- Data
=== Section Start ===
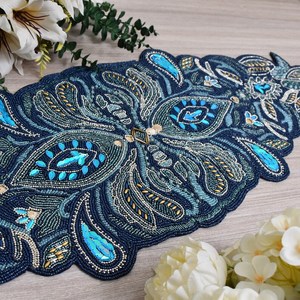 Napperon de table en tissu fait main, forme personnalisée, design chinois traditionnel de luxe, écologique, motif brodé vert et or Ali - Product Image 1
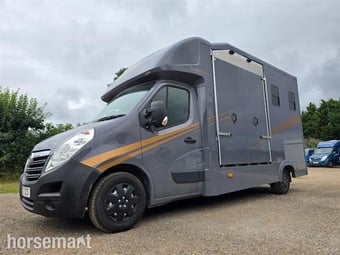 Peper Harow  Vauxhall Horsebox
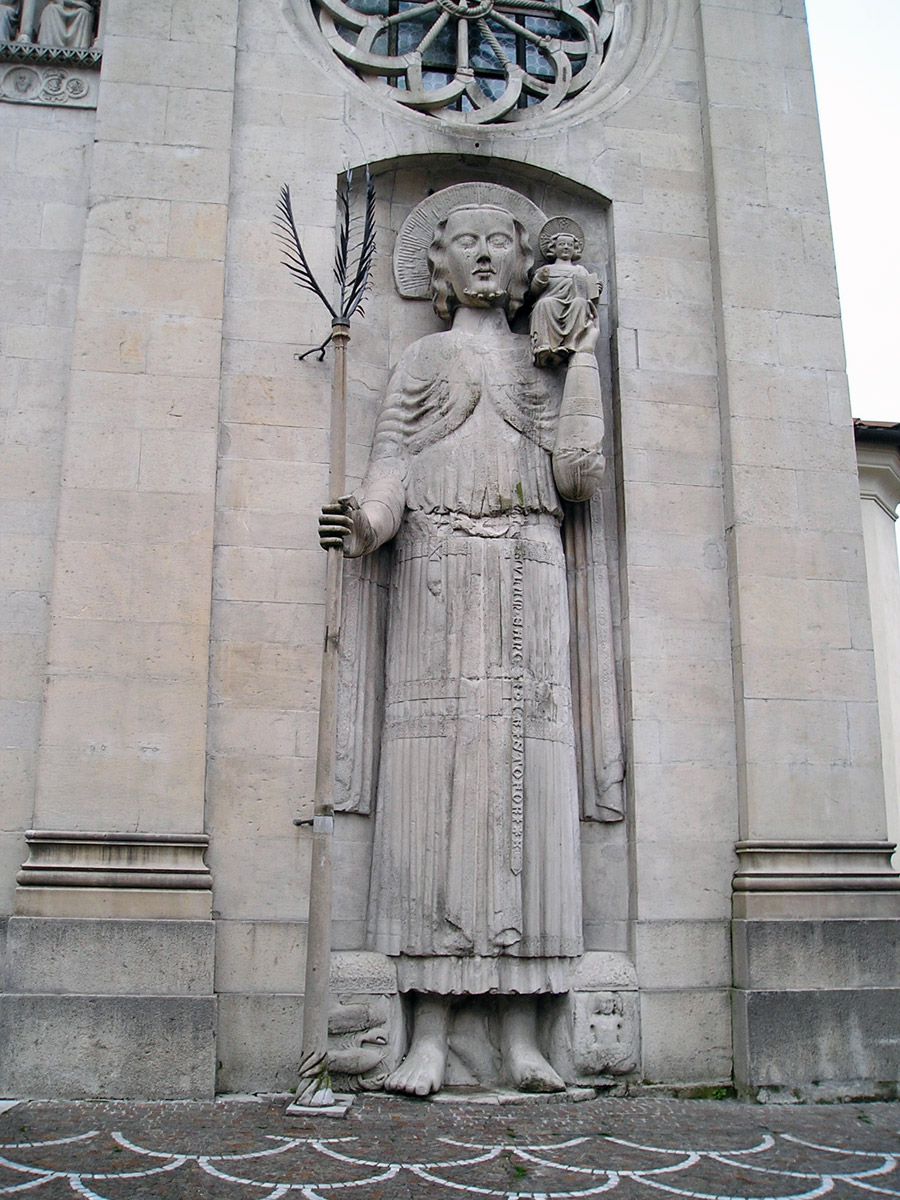 Gemona del Friuli Facciata del Duomo col San Cristoforo cc by Semolo75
=== Section End ===
- Aim of the task
Exclude all images and return the listing word for word.

- Response area
 Napperon de table en tissu fait main, forme personnalisée, design chinois traditionnel de luxe, écologique, motif brodé vert et or Ali - Product Image 1
 Peper Harow  Vauxhall Horsebox
 Gemona del Friuli Facciata del Duomo col San Cristoforo cc by Semolo75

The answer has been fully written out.